Grown men and women devote their lives to manufacturing and marketing this rubbish, and dissing the idea of living without it. “I always knit my gifts”, says a woman in a television ad for an electronics outlet. “Well you shouldn’t,” replies the narrator(5). An advertisement for Google’s latest tablet shows a father and son camping in the woods. Their enjoyment depends on the Nexus 7’s special features(6). The best things in life are free, but we’ve found a way of selling them to you.

The growth of inequality that has accompanied the consumer boom ensures that the rising economic tide no longer lifts all boats.
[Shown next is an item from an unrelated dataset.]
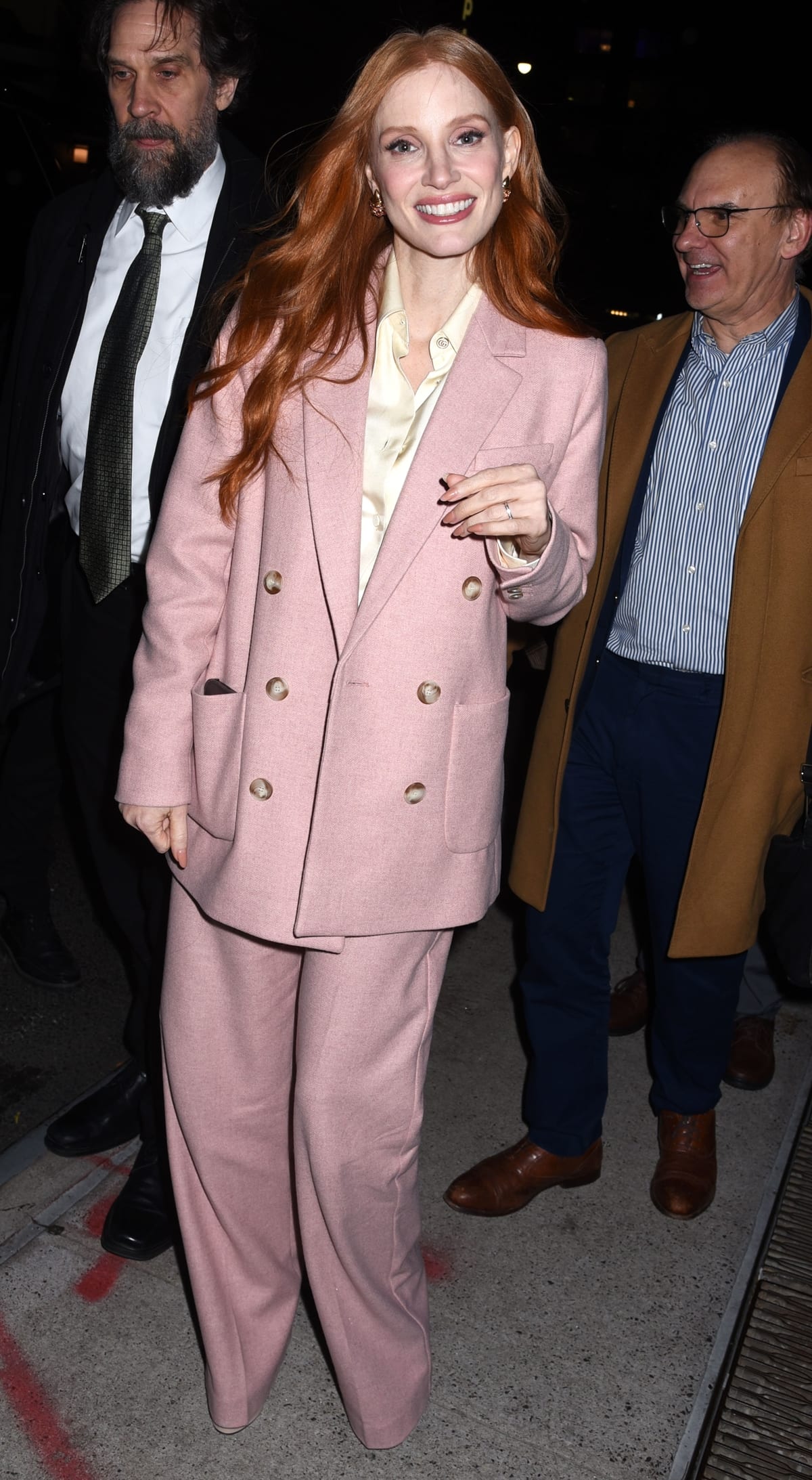 Jessica Chastain stood out in a stylish bright pink double-breasted jacket and slightly oversized pants in New York City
In the US in 2010 a remarkable 93% of the growth in incomes accrued to the top 1% of the population(7). The old excuse, that we must trash the planet to help the poor, simply does not wash. For a few decades of extra enrichment for those who already possess more money than they know how to spend, the prospects of everyone else who will live on this earth are diminished.

So effectively have governments, the media and advertisers associated consumption with prosperity and happiness that to say these things is to expose yourself to opprobrium and ridicule. Witness last week’s Moral Maze programme, in which most of the panel lined up to decry the idea of consuming less, and to associate it, somehow, with authoritarianism(8). When the world goes mad, those who resist are denounced as lunatics.

Bake them a cake, write them a poem, give them a kiss, tell them a joke, but for god’s sake stop trashing the planet to tell someone you care. All it shows is that you don’t.”